── PROVIDED DATA
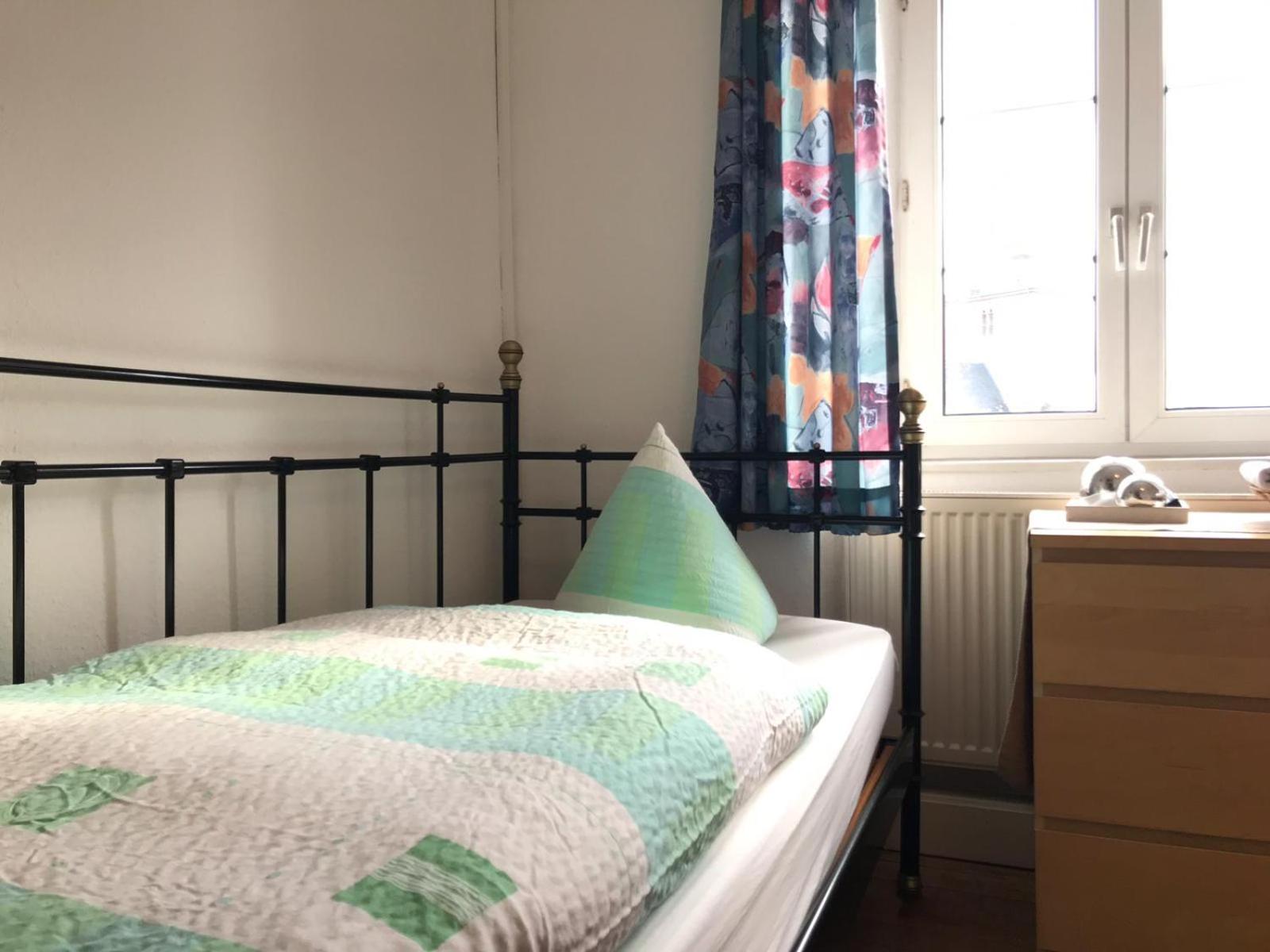 Single Room with Bathroom photo 2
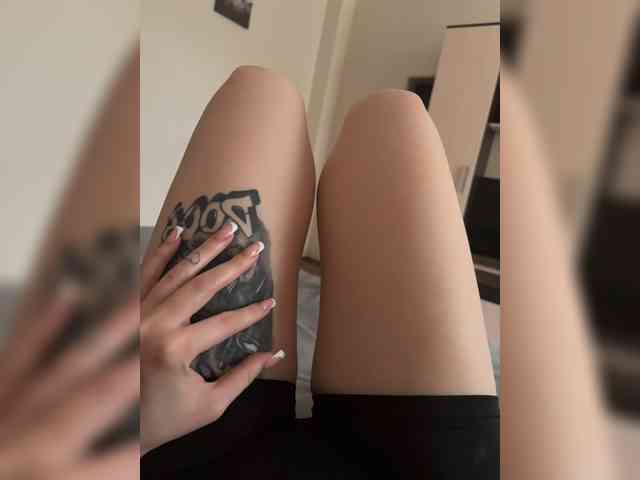 GoddessAsty webcam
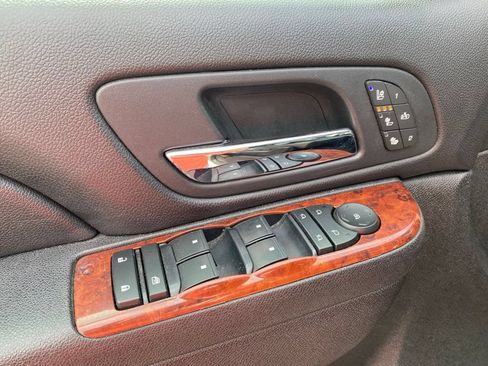Used 2012 Chevrolet Suburban LTZ AWD/4WD image 14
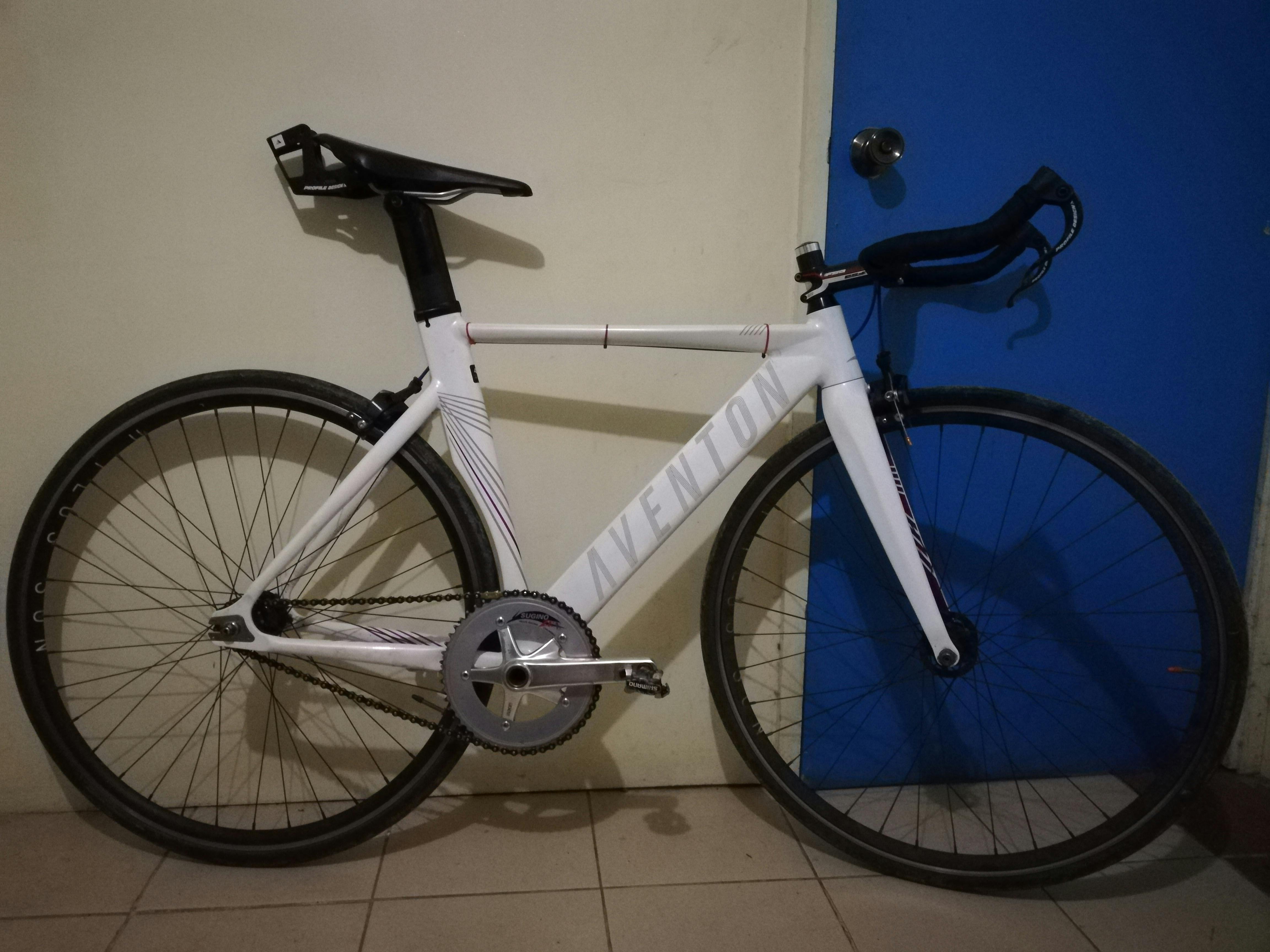Aventon mataro fixed gear bike Clearance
────
▶ WHAT NEEDS TO BE DONE:
Set down exactly, from the line that contains "Used 2012 Chevrolet" through the last line of the data, each line as it stands, and leave the pictures out.

▶ ANSWER TO THIS PROBLEM:
Used 2012 Chevrolet Suburban LTZ AWD/4WD image 14
Aventon mataro fixed gear bike Clearance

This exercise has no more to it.